En perçant le secret des hiéroglyphes, Jean-François Champollion ouvre les portes de la civilisation égyptienne.

 

Le 14 septembre, dans sa mansarde de la rue Mazarine à Paris, Jean-François Champollion, 31 ans, étudie la reproduction de bas-reliefs provenant d’un temple d’Abou-Simbel, monument datant de l’époque pharaonique et non corrompu par le grec.

Deux cartouches retiennent son attention. N’en croyant pas ses yeux, il parvient à déchiffrer les noms des pharaons Ramsès et Thoutmès, prouvant ainsi que sa théorie, qu’il ne croyait jusque-là applicable qu’aux noms des souverains étrangers et tardifs, s’appliquait également aux plus grandes dynasties de l’Égypte antique. “Je tiens mon affaire !”, s’écrie-t-il avant de sombrer, ivre de fatigue et d’émotion, dans un état léthargique dont il n’émergera que cinq jours plus tard.

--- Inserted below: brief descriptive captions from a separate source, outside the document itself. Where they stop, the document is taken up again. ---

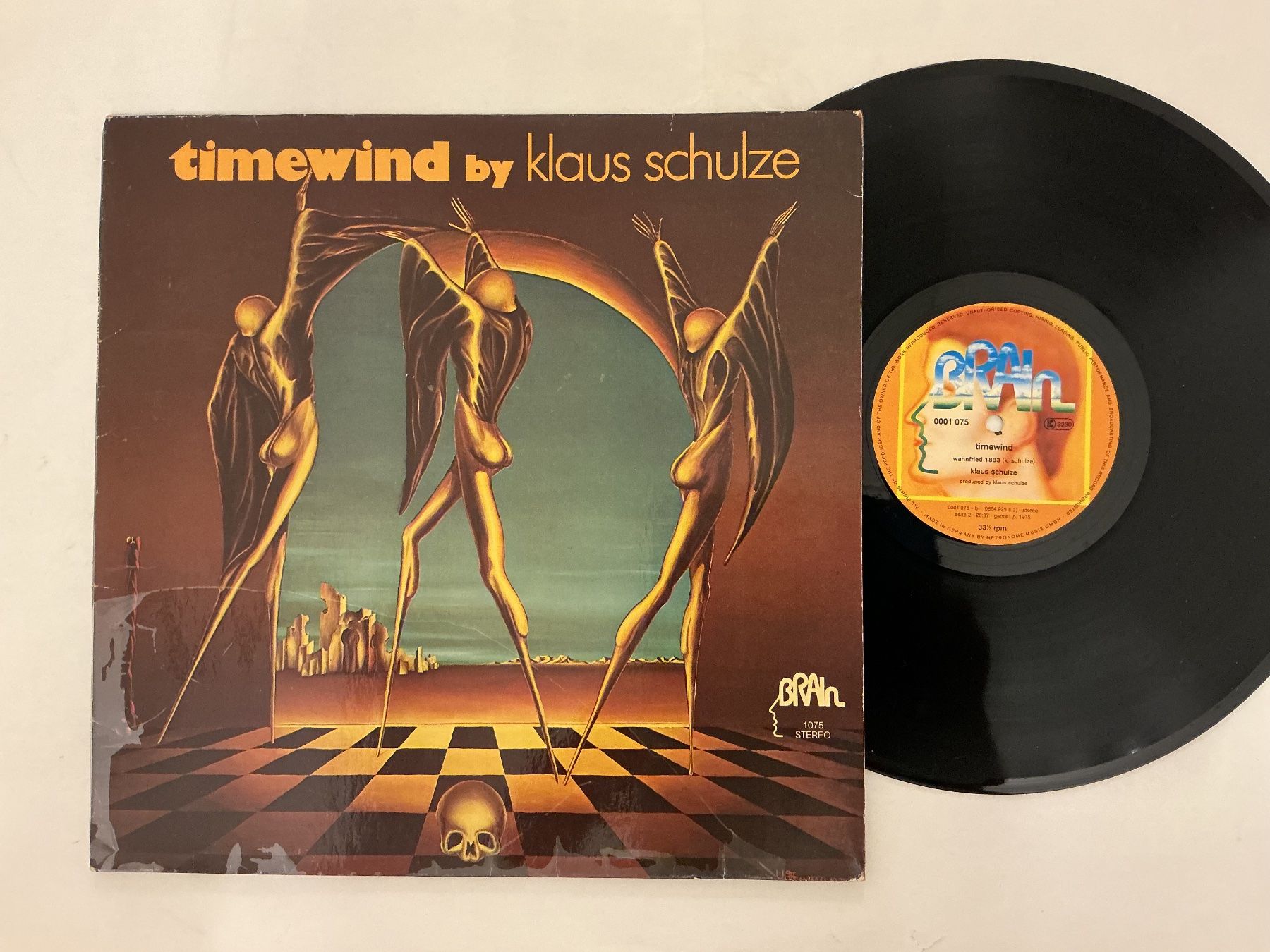 Vinyles: Klaus Schulze LP - Timewind – D'occasion à Winterthur par Tumko_7_Vinyl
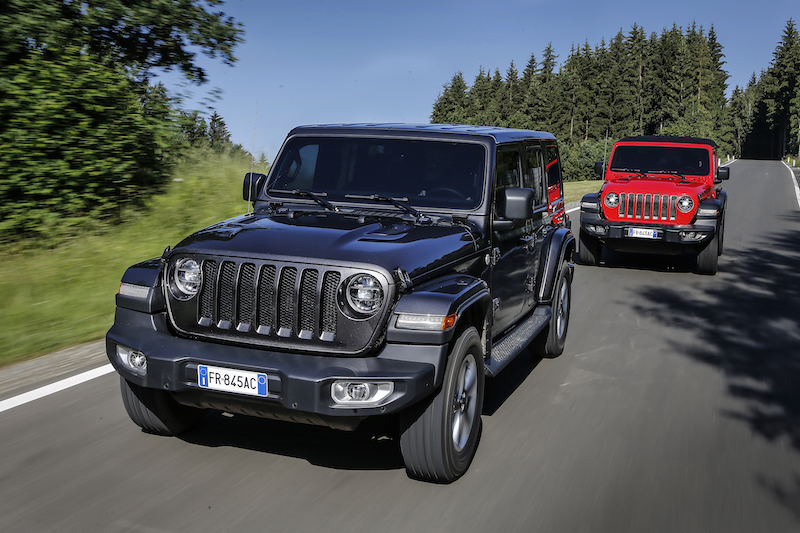 Nuova Jeep Wrangler: in grado di conquistare tutti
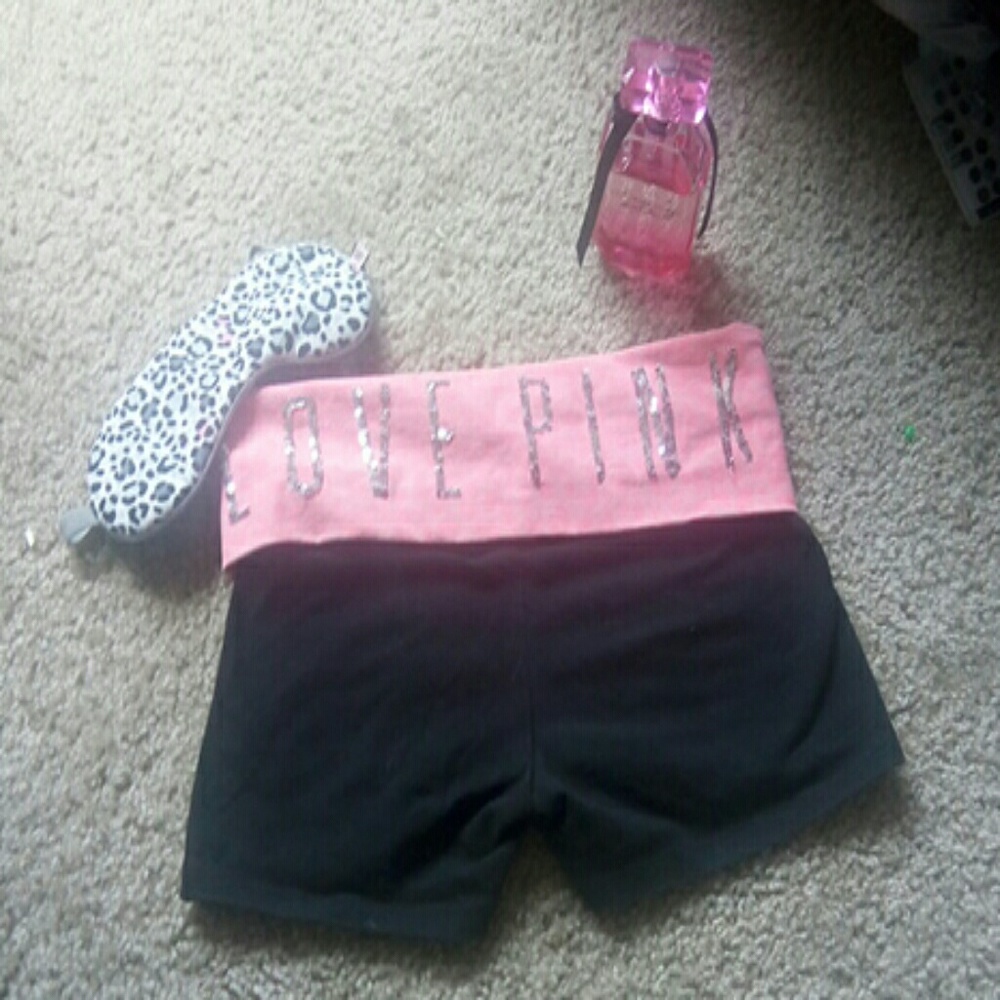 Victoria's Secret yoga shorts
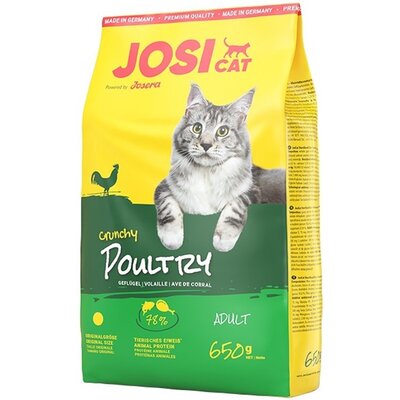 Josera JosiCat Crunchy Poultry 0,65 kg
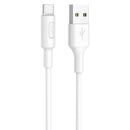 HOCO X25 2.4A Type C Charging Data Cable 3.28ft/1m for Xiaomi Mi A2 Pocophone F1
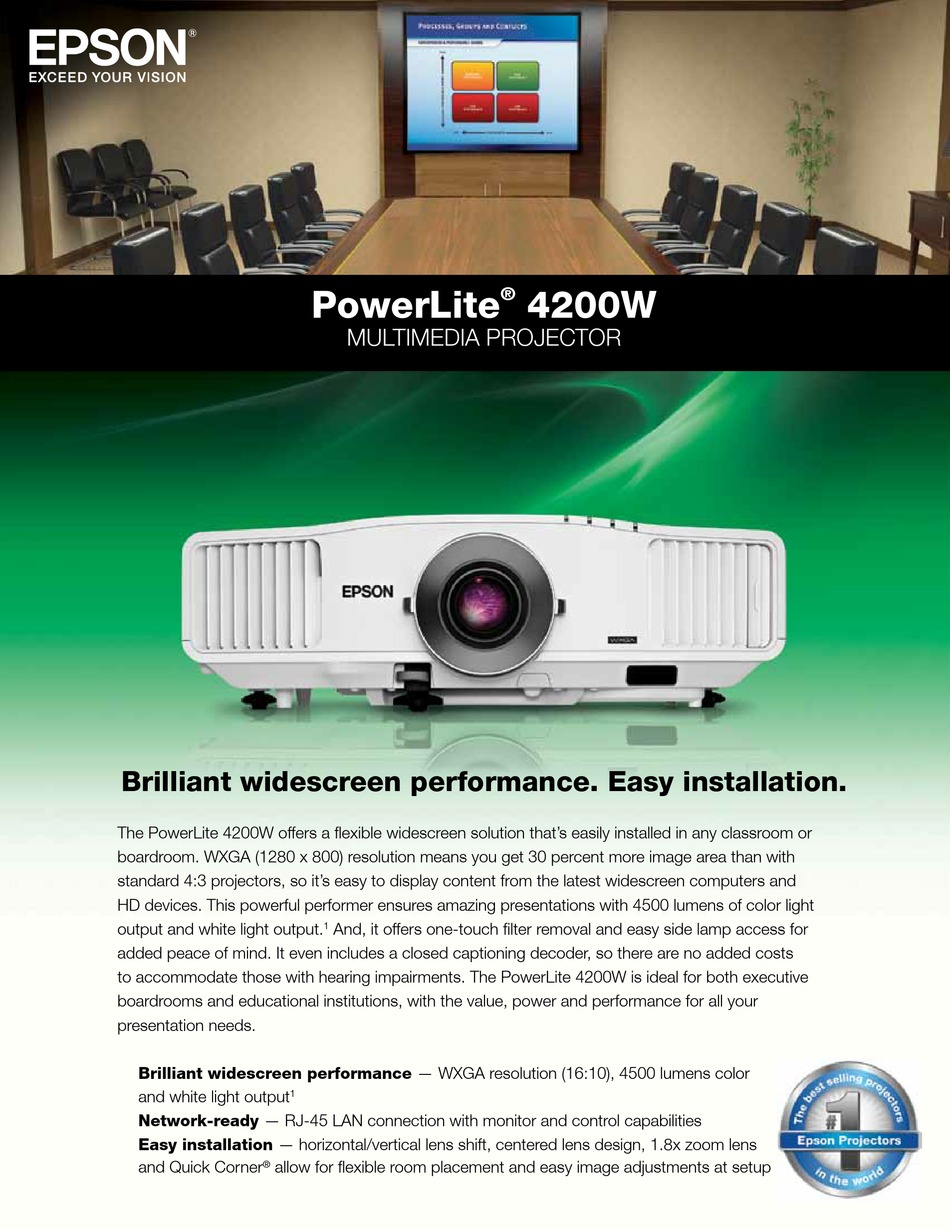 epson-powerlite-4200w-brochure-specs-pdf-download-manualslib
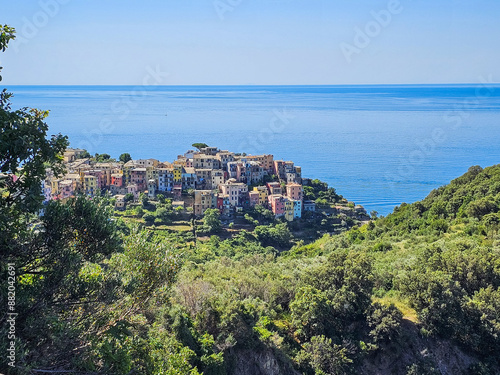 Beautiful Ocean View with Charming Village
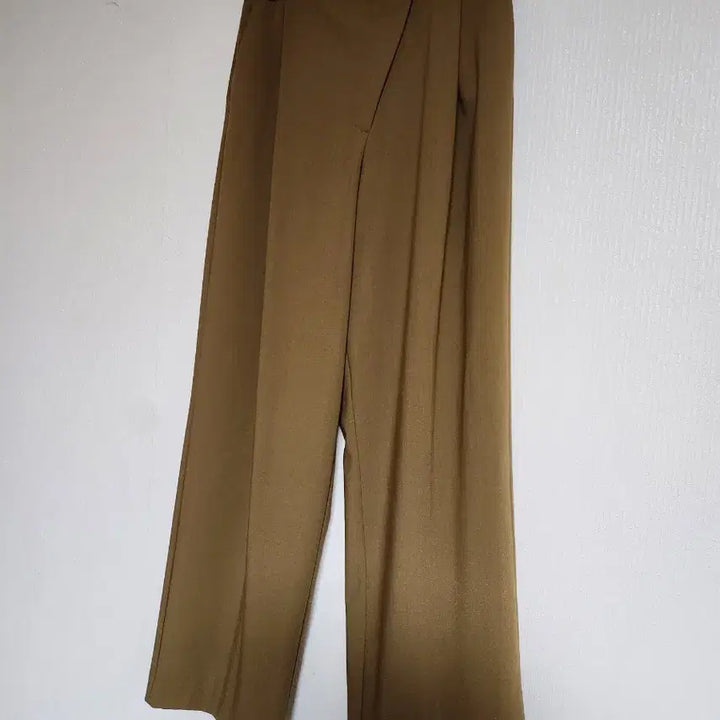 [BUNJANG] Zara High-Waisted Wide-Leg Trousers / 자라 와이드 롱팬츠26~27신상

Sans avoir jamais mis les pieds en Égypte, Champollion vient de percer le secret le mieux gardé de l’histoire. “Cette image donne une vision canonique et parcellaire du travail de Champollion ; le déchiffrement ne se résume pas à l’éclair de génie d’un homme qui aurait eu une révélation en comparant les versions égyptienne et grecque gravées sur la pierre de Rosette. C’est l’aboutissement de quinze ans de recherches intensives”, tempère Karine Madrigal, égyptologue, membre de l’ADEC, qui a étudié le fonds Champollion aux Archives départementales.

 

Une quête obsessionnelle

Copiant, comparant, rédigeant des milliers de fiches signalétiques, détaillant les antiquités, le jeune érudit se plonge dans sa quête bien avant de se procurer un estampage de la pierre de Rosette en 1808, à l’âge de 18 ans.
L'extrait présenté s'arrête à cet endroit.